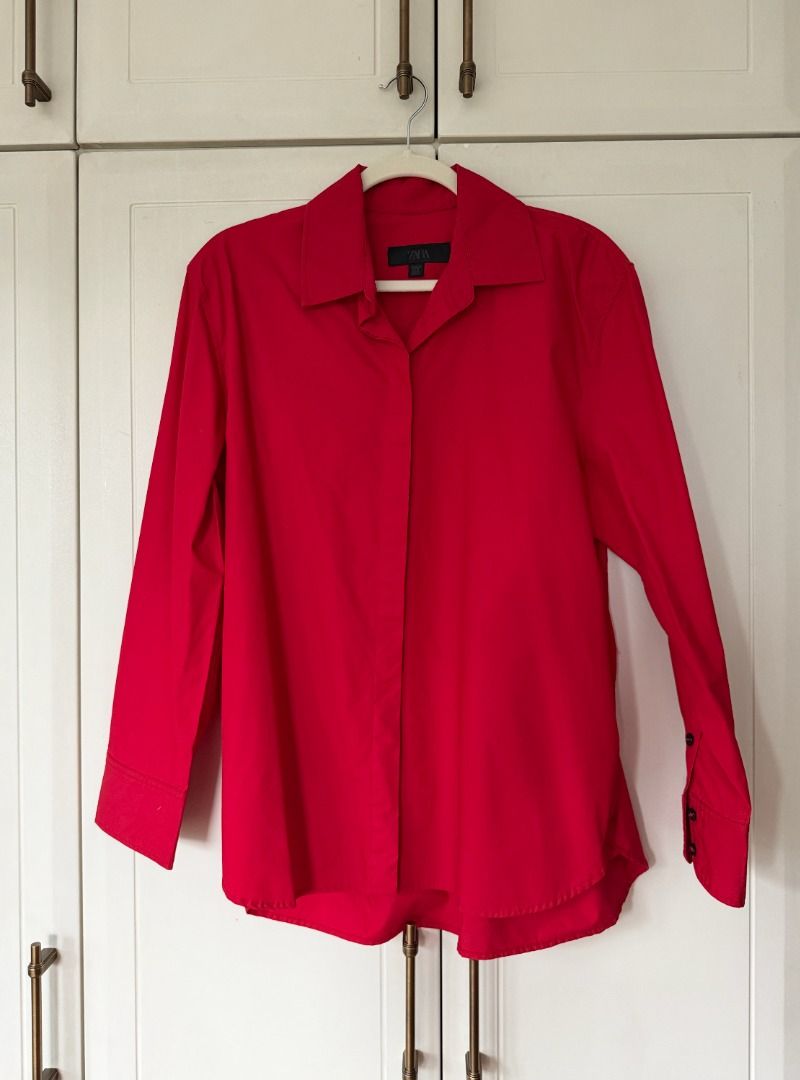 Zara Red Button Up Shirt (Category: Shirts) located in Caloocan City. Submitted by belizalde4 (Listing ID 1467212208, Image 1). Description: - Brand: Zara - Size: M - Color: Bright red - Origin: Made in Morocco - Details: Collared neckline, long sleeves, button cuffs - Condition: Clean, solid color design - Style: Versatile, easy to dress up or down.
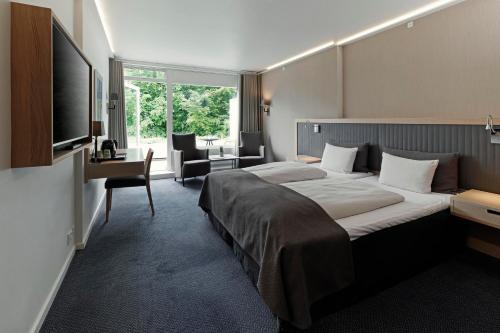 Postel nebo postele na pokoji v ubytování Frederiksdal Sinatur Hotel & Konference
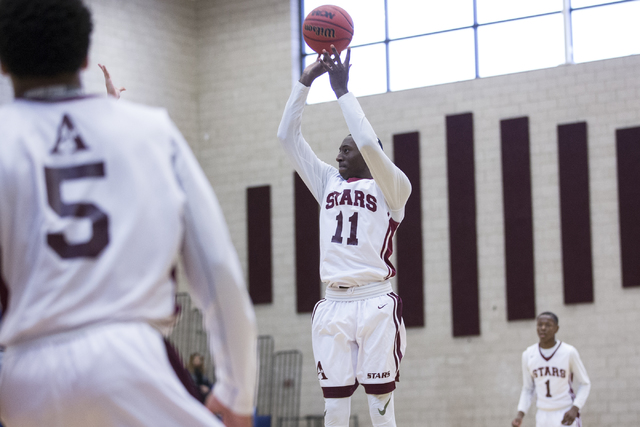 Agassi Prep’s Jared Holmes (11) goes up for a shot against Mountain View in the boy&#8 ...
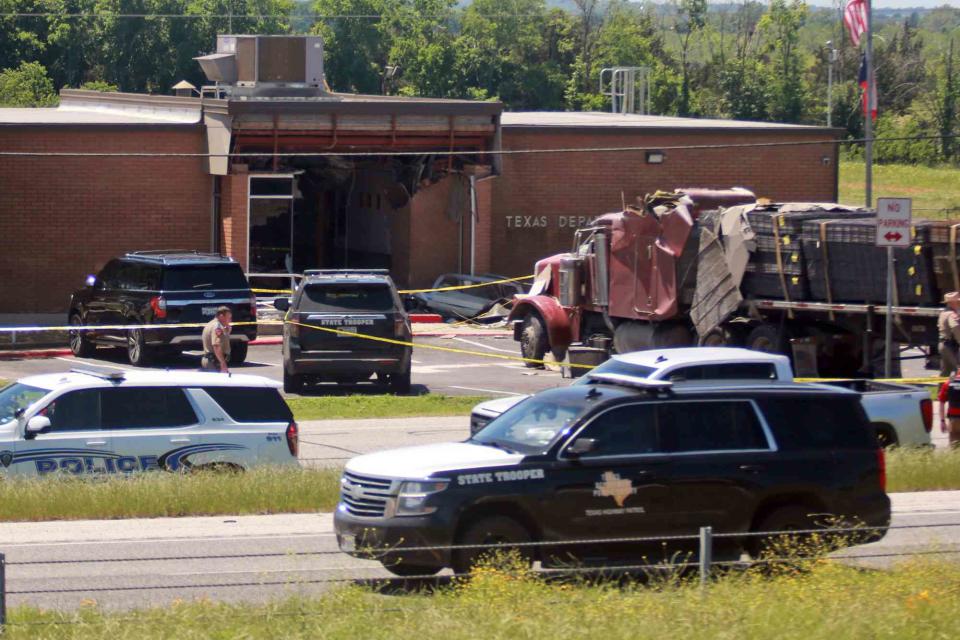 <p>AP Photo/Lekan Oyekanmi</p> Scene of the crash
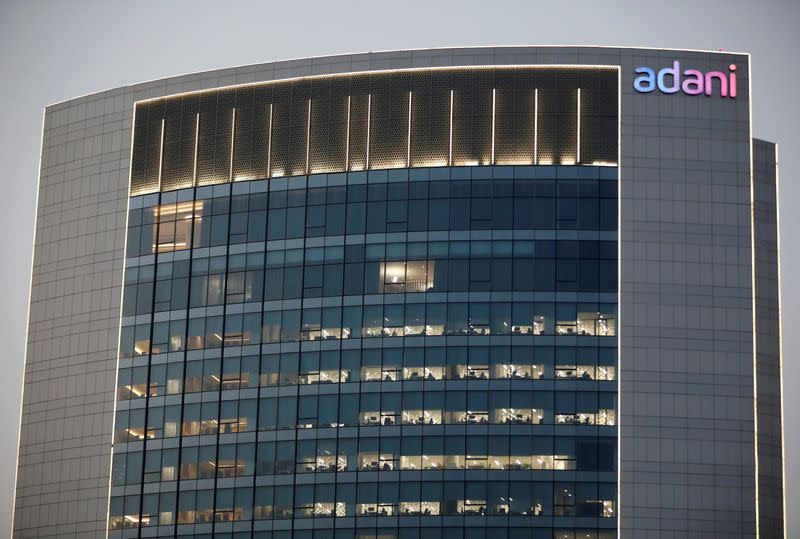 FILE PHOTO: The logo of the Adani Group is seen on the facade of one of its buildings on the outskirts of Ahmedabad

+-------+

WHAT TO PRODUCE.
Repeat the preceding records exactly but drop the images.

EXERCISE RESPONSE.
 Zara Red Button Up Shirt (Category: Shirts) located in Caloocan City. Submitted by belizalde4 (Listing ID 1467212208, Image 1). Description: - Brand: Zara - Size: M - Color: Bright red - Origin: Made in Morocco - Details: Collared neckline, long sleeves, button cuffs - Condition: Clean, solid color design - Style: Versatile, easy to dress up or down.
 Postel nebo postele na pokoji v ubytování Frederiksdal Sinatur Hotel & Konference
 Agassi Prep’s Jared Holmes (11) goes up for a shot against Mountain View in the boy&#8 ...
 <p>AP Photo/Lekan Oyekanmi</p> Scene of the crash
 FILE PHOTO: The logo of the Adani Group is seen on the facade of one of its buildings on the outskirts of Ahmedabad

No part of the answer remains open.